Outdated menus. Wrong prices. Ten Bells Tavern and Sandwich Hag contend with the stresses of a modern convenience. And not all of the restaurants even consent to being listed.
Meri Dahlke was scrolling through Twitter one Sunday afternoon last month when she landed on a now-viral Twitter thread from San Francisco–based restaurant owner Pim Techamuanvivit:
When Dahlke, who owns Ten Bells Tavern in Oak Cliff, read about Techamuanvivit’s experience (customers were ordering from what they believed to be her restaurant, but her Michelin-starred eatery doesn’t do takeout), it made her curious.
“[Techamuanvivit] mentioned all these sites that her restaurant was on. I’m like, ‘Oh, there we are on Grubhub, Postmates, all these things,’” says Dahlke, who then looked up how much they charged for an order of Ten Bells fish and chips. It’s $14 at the tavern, but $33 on Grubhub. “Just order from us,” she tweeted.
But it’s about more than just cost. It’s not uncommon for food delivery apps—an ever-crowded field that includes the likes of DoorDash, Grubhub, Uber Eats, Postmates—to add restaurants to their delivery offerings whether those establishments have given explicit permission or not. Grubhub started employing this practice in earnest last year. In October, a Grubhub letter to shareholders conceded that “non-partnered options are the wrong long-term answer for diners, restaurants and shareholders.” While Grubhub prefers restaurants to join willingly, the food app market is such that the company feels it can’t do that anymore. “As other food delivery companies have chosen to list non-partnered restaurants on their marketplaces for years to widen their supply of restaurants, we’re now trying this strategy in select markets as a way to close the restaurant supply gap and drive more delivery orders to local restaurants,” a Grubhub spokesperson said in a statement to SideDish.
Delivery apps are competing to serve consumers’ appetites for food from their favorite restaurants, but in the process are putting stress on the very business owners they say they’d like to collaborate with.
One busy Sunday during brunch, a perpetually crowded service for Ten Bells, a man was waiting near the kitchen. A Grubhub order for eggs and toast had come in, but the kitchen was slammed, so that driver had to wait. Dahlke’s staff later told her that the driver, getting impatient for his pick-up order, became irate with her chef. “And he threatened him, like, to take him outside and ‘whip his gay ass’ or something,” Dahlke says her staff later told her. “We didn’t sign up for that, and you can’t be nasty to my staff.”

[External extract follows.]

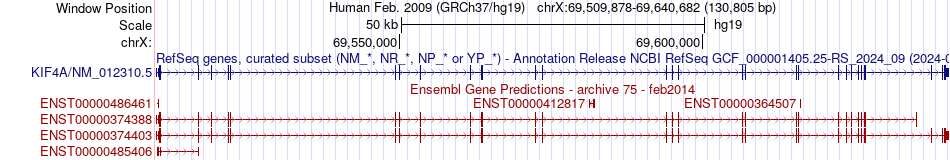 gene isoform structure of KIF4A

Meanwhile Dahlke, who hasn’t officially worked with any delivery platform, has noticed that the apps list long-outdated menus and prices. Pasta primavera, Ten Bells’ award-winning pickled eggs… “We haven’t had any of that in two years.” According to a source, Grubhub uses an automated process to scrape info available online. Sure, restaurant owners can contact Grubhub to update all that stuff. But Dahlke is still left wondering, “Why do I have to take all this time out of my day to do something I didn’t sign up for? Why do I have to take the extra steps to be removed [from the website]?” (Ten Bells Tavern is no longer on Grubhub as of February 7.)
And Dahlke is, of course, not alone in this. Chef-owner Reyna Duong of Sandwich Hag is outspoken about her experiences with different delivery outfits that she’s tried out. Grubhub and its ilk typically take a percentage of the delivery order. “I said [to Grubhub], ‘Listen, you want 30 percent, I’m a small business, I can’t afford that.’” So they agreed to a smaller amount. Duong doesn’t recall the exact cut but estimates it was around 15 percent. When she later saw some extraneous charges, Duong couldn’t reach her account representative for an answer. After one month, Duong ended her partnership with Grubhub but it took her months to replace the food app’s links with Sandwich Hag’s own address listed on Google. “But here’s the thing…I wouldn’t be surprised if I go in, you know, maybe a few weeks or months from now and it’s back on.”
Like Dahlke, Duong has also dealt with unruly drivers (Caviar), and old menus (Postmates), so now the only third-party delivery she uses is Austin-based Favor.
Food delivery isn’t going anywhere, nor should it. Ordering and receiving a favorite dish from a favorite restaurant within an hour to your home? What a time to be alive! But I also can’t help but wonder about the consumers’ role in all this. We want our meals, occasionally at least, delivered directly to us—quickly, conveniently—and we don’t really wonder if these restaurants are all active participants.
“To me,” says Dahlke, “us being on that website represents we agree to this, and that is duplicitous at best.”